Queria escrever uma crônica que chamasse a atenção dos que se sentem vazios. Solidão empurra ladeira abaixo e arrasta o que sobra. E não é vazio de conhecimento, informação e conteúdo, é de esperança, a única salvadora da Pátria.
Seria algo que os preenchesse, de modo particular e não restasse nenhuma brecha pra absorver sentimentos de dor ou culpa. Na lei da atração somos impelidos.
Que ao lerem, fossem transportados para Paris, diante da Torre Eiffel, e entusiasmados com a beleza do local, escolhessem uma moldura humana para enquandrá-lo. Viagens são tesouros impagáveis.
Que fossem abduzidos pelos personagens da Disney, em Orlando, para participarem de um desfile de fantasias onde o conto de fadas fosse verídico e fizessem parte do elenco, como personagens principais. Na casa do Michey a porta vive aberta, pode entrar.
Uma crônica que seduzisse o Tenório, marido de Tereza, para que deixasse o futebol de lado e fosse com ela para o campo de concentração.
Que tirasse o Juninho da televisão e o levasse para o mundo que o aguarda lá fora: sem telas, sem nudes, sem fest-food, sem amigos. Sem imagem vegetativa.

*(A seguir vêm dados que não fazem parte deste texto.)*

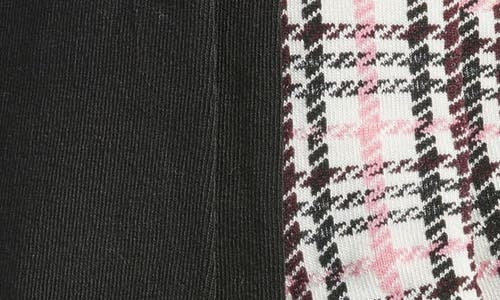 K. Bell Socks K Bell Socks Assorted 3-pack Roll Top Crew Socks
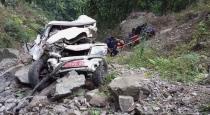 Nepal Pyuthan District Groom Jeep Accident 8 Died 5 Injured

Uma crônica que sabotasse o negativismo estrutural e trouxesse de volta a sobriedade. As pessoas não abusam do álcool e drogas por bem prazer, por vezes, alimentam-se da ilusão de não serem o que são, por alguns minutos. É esconderijo.
Que atraísse os olhares apaixonados de Maria e desse a ela coragem para se revelar em sentimentos diante de Pedro. Amor guardado na gaveta não veste o mundo.
Uma crônica que fizessem dormir os pesadelos e acordassem os sonhos na hora certa.
Queria escrever uma crônica que acolhesse o mundo doente, e fizesse nele uma intervenção cirúrgica, retirando seus tumores.
Que devolvesse a alegria sequestrada pela morte de Adolfo, à Donatella: um amor igual ao dela, nunca vi pintado, quem dirá vivido.
Que trouxesse flores naturais imortais pro Olimpo, raquítico, na cama de um hospital.
Na verdade, queria escrever uma crônica que fizesse cócegas na humanidade e o sorriso fosse característica e não resposta.
Queria mesmo era mudar o mundo, mas só consigo consertar o zoom da minha máquina velha, que trago pra muito perto, e inevitalmente, desfoco a imagem.
Queria escrever uma crônica que mudasse o mundo, mas ainda não aprendi a juntar palavras que arrastem. Porque os gritos silenciados só são ouvidos nas entrelinhas.